**WORK INSTRUCTIONS:** Could you reproduce the lines below from the one with "সচিবালয় অভিমুখে গণতন্ত্র" through the one with "Peugeot 308 - 1.2"? Keep both ends and add nothing.

(Data extracted from a collection)
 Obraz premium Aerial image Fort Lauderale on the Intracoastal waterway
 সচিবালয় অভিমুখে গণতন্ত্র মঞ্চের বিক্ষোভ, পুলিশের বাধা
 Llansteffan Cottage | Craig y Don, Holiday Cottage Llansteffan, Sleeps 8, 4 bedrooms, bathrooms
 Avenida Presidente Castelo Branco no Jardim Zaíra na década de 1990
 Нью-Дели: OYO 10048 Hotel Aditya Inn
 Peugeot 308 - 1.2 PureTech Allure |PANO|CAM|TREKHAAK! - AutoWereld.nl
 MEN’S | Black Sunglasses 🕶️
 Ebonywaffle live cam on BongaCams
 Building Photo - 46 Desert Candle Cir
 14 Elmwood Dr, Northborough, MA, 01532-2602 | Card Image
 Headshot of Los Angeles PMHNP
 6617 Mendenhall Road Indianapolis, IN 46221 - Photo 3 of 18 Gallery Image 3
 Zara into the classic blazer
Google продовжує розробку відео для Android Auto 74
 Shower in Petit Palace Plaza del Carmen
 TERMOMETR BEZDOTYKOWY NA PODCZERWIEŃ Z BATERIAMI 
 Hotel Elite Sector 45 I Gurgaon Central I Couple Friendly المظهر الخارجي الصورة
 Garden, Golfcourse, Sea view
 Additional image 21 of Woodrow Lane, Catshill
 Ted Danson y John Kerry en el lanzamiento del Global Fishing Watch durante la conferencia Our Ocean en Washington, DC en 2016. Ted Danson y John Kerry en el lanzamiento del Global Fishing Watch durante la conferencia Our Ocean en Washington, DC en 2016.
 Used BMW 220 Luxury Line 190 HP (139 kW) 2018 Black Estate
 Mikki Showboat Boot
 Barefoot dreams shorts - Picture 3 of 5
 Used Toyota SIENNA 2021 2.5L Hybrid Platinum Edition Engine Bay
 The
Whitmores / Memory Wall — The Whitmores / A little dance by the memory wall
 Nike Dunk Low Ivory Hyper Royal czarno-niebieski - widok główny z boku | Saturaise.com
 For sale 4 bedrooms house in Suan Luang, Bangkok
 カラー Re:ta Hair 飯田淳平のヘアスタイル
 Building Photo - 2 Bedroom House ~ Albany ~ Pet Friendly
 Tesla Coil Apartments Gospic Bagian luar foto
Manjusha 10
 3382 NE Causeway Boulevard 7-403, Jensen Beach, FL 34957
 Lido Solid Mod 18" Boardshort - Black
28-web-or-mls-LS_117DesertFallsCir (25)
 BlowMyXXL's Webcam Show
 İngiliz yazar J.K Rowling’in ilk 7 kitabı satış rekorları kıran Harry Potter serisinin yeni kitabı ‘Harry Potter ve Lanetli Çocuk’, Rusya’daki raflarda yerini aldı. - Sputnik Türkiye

**THE COMPLETED TASK:**
 সচিবালয় অভিমুখে গণতন্ত্র মঞ্চের বিক্ষোভ, পুলিশের বাধা
 Llansteffan Cottage | Craig y Don, Holiday Cottage Llansteffan, Sleeps 8, 4 bedrooms, bathrooms
 Avenida Presidente Castelo Branco no Jardim Zaíra na década de 1990
 Нью-Дели: OYO 10048 Hotel Aditya Inn
 Peugeot 308 - 1.2 PureTech Allure |PANO|CAM|TREKHAAK! - AutoWereld.nl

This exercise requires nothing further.